Just taking a chance before looking to fastech. Does anyone stck the clone OL16 BF rda.

Thanks in Adv


----------



## zadiac (13/2/17)

Don't think anyone stocks the clone here. I bought mine from FT and am very happy with it.

Reactions: Agree 1 | Thanks 1


----------



## SAVapeGear (13/2/17)

We have the authentic on sale at the moment:

https://savapegear.co.za/collections/new-arrivals/products/origen-little-16


----------



## turkey (10/6/17)

zadiac said:


> Don't think anyone stocks the clone here. I bought mine from FT and am very happy with it.
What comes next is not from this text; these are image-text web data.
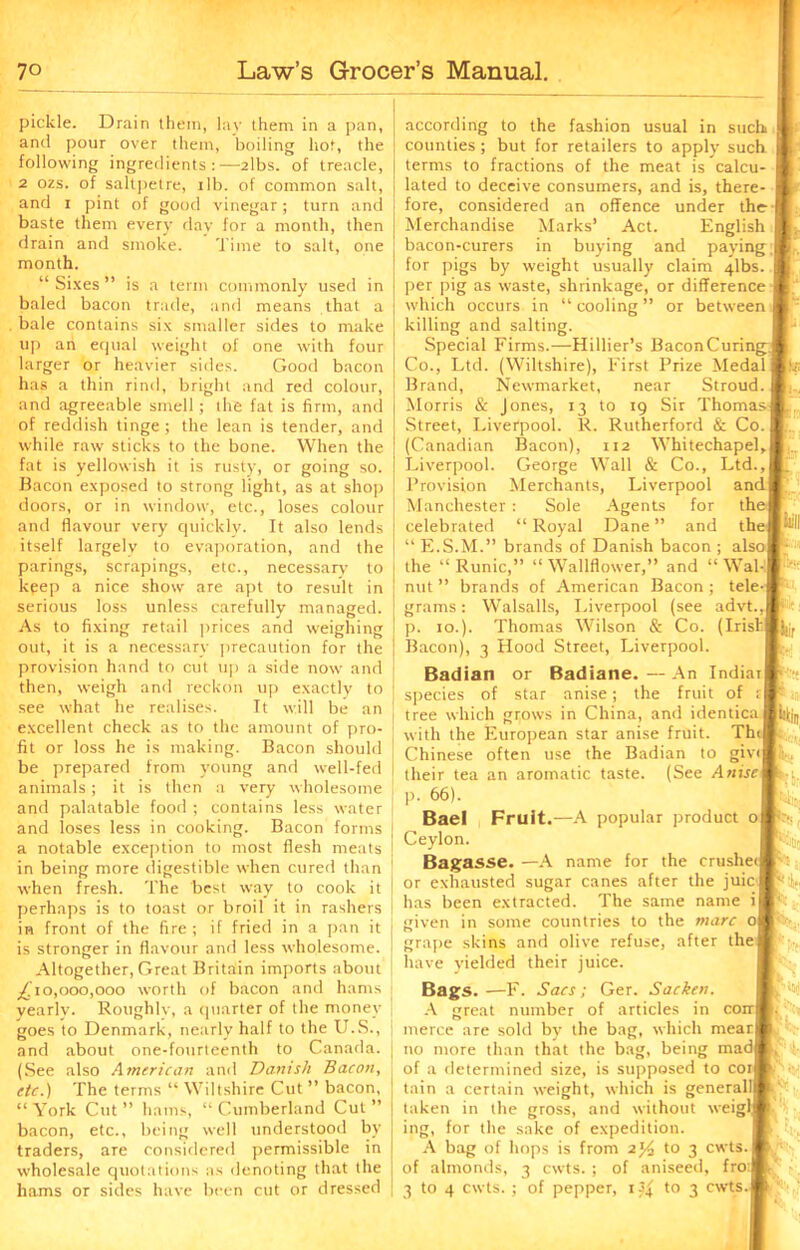 pickle. Drain them, lay them in a pan, and pour over them, boiling hot, the following ingredients:—2lbs. of treacle, 2 ozs. of saltpetre, i lb. of common salt, and i pint of good vinegar; turn and baste them every day for a month, then drain and smoke. Time to salt, one month. “ Sixes ” is a term commonly used in baled bacon trade, and means that a bale contains six smaller sides to make up an equal weight of one with four larger or heavier sides. Good bacon has a thin rind, bright and red colour, and agreeable smell; the fat is firm, and of reddish tinge; the lean is tender, and while raw sticks to the bone. When the fat is yellowish it is rusty, or going so. Bacon exposed to strong light, as at shop doors, or in window, etc., loses colour and flavour very quickly. It also lends itself largely to evaporation, and the parings, scrapings, etc., necessary to keep a nice show are apt to result in serious loss unless carefully managed. As to fixing retail prices and weighing out, it is a necessary precaution for the provision hand to cut up a side now and then, weigh and reckon up exactly to see what he realises. Tt will be an excellent check as to the amount of pro- fit or loss he is making. Bacon should be prepared from young and well-fed animals; it is then a very wholesome and palatable food ; contains less water and loses less in cooking. Bacon forms a notable exception to most flesh meats in being more digestible when cured than when fresh. The best way to cook it perhaps is to toast or broil it in rashers in front of the fire; if fried in a pan it is stronger in flavour and less wholesome. Altogether, Great Britain imports about ^'10,000,000 worth of bacon and hams yearly. Roughly, a quarter of the money goes to Denmark, nearly half to the U.S., and about one-fourteenth to Canada. (See also American and Danish Bacon, etc.) The terms “ Wiltshire Cut ” bacon, “York Cut” hams, “Cumberland Cut” bacon, etc., being well understood by traders, are considered permissible in wholesale quotations as denoting that the hams or sides have been cut or dressed according to the fashion usual in such counties; but for retailers to apply such terms to fractions of the meat is calcu- lated to deceive consumers, and is, there- fore, considered an offence under the Merchandise Marks’ Act. English bacon-curers in buying and paying, for pigs by weight usually claim 4lbs. per pig as waste, shrinkage, or difference which occurs in “cooling” or between killing and salting. Special Firms.—Hillier’s BaconCuring Co., Ltd. (Wiltshire), First Prize Medal Brand, Newmarket, near Stroud. Morris & Jones, 13 to 19 Sir Thomas Street, Liverpool. R. Rutherford & Co. (Canadian Bacon), 112 Whitechapel, Liverpool. George Wall & Co., Ltd., Provision Merchants, Liverpool an Manchester : Sole Agents for th celebrated “ Royal Dane ” and the “ E.S.M.” brands of Danish bacon ; also| the “ Runic,” “ Wallflower,” and “ Wal nut ” brands of American Bacon ; tele grams: Walsalls, Liverpool (see advt., p. 10.). Thomas Wilson & Co. (Irish Bacon), 3 Hood Street, Liverpool. Badian or Badiane. — An Indiar species of star anise; the fruit of t tree which grows in China, and identica with the European star anise fruit. Th Chinese often use the Badian to giv< their tea an aromatic taste. (See Anise p. 66). Bael Fruit.—A popular product o Ceylon. Bagasse. —A name for the crushe< or exhausted sugar canes after the juic has been extracted. The same name i given in some countries to the marc o grape skins and olive refuse, after the have yielded their juice. Bags.—F. Sacs; Ger. Sacken. A great number of articles in coir merce are sold by the bag, which nrear no more than that the bag, being mad of a determined size, is supposed to cor tain a certain weight, which is generalll taken in the gross, and without weigf ing, for the sake of expedition. A bag of hops is from 2% to 3 cwts of almonds, 3 cwts. ; of aniseed, frod 3 to 4 cwts. ; of pepper, i3| to 3 cwts IB ll-T ^ll I'** Kn fe,: K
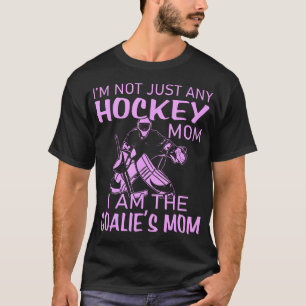 I Am The Goalie's Mum Funny Ice T-Shirt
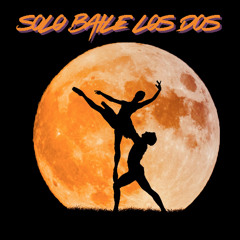 Solo Baile los dos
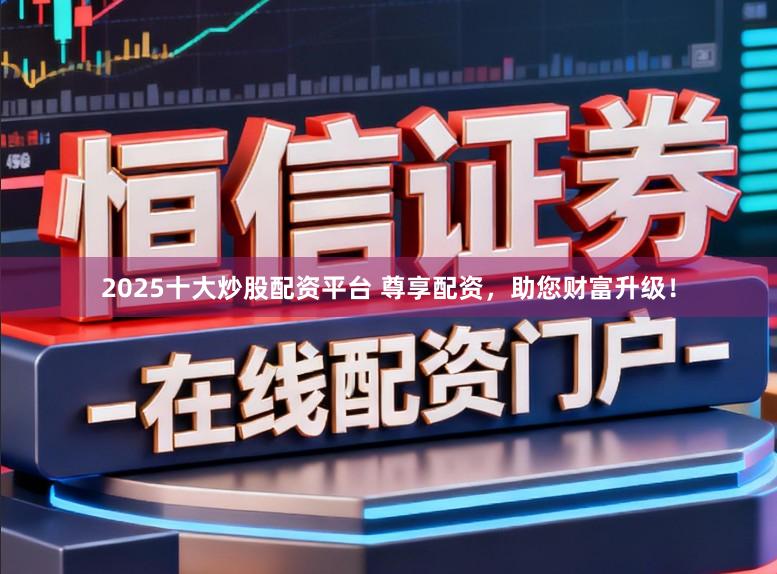 2025十大炒股配资平台 尊享配资，助您财富升级！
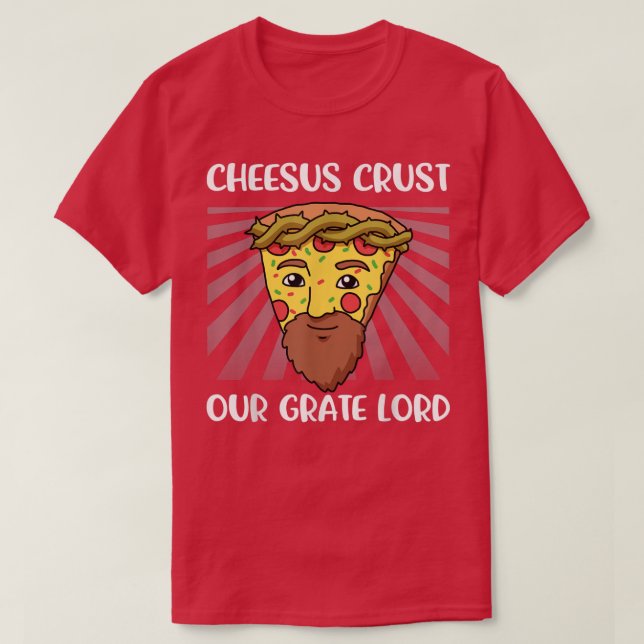 Camiseta Cheesus Christ Our Grate Lord T-Shirt (Diseño del anverso)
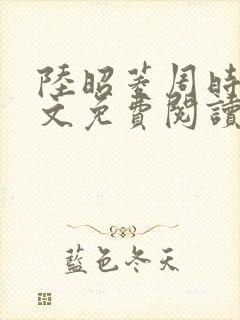 陆昭菱周时阅全文免费阅读
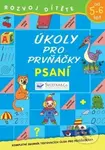 Úkoly pro prvňáčky - Psaní (Kompletní sborník testovacích úloh pro předškoláky) - kniha z kategorie Úkoly pro děti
Hi, can I ask which version you got from FT? I'm trying to work out which clone is "superior".


----------



## zadiac (10/6/17)

turkey said:


> Hi, can I ask which version you got from FT? I'm trying to work out which clone is "superior".



I got the A, but can't tell you how it is because I found it way too small and only attempted one build on it and gave up. Threw it in the vape bin and it's still there somewhere.

Reactions: Can relate 1


----------



## Clouds4Days (10/6/17)

zadiac said:


> I got the A, but can't tell you how it is because I found it way too small and only attempted one build on it and gave up. Threw it in the vape bin and it's still there somewhere.



Same thing happened to me brother. Bought the sxk version and sold it after a day. That build deck was not nice to work with.


----------



## Kalashnikov (10/6/17)

turkey said:


> Hi, can I ask which version you got from FT? I'm trying to work out which clone is "superior".


I have a clone for sale .pm me if you interested. works perfectly well.


----------



## turkey (10/6/17)

zadiac said:


> I got the A, but can't tell you how it is because I found it way too small and only attempted one build on it and gave up. Threw it in the vape bin and it's still there somewhere.


Tx mate. Yeah I like simple coils so the size works for me.


----------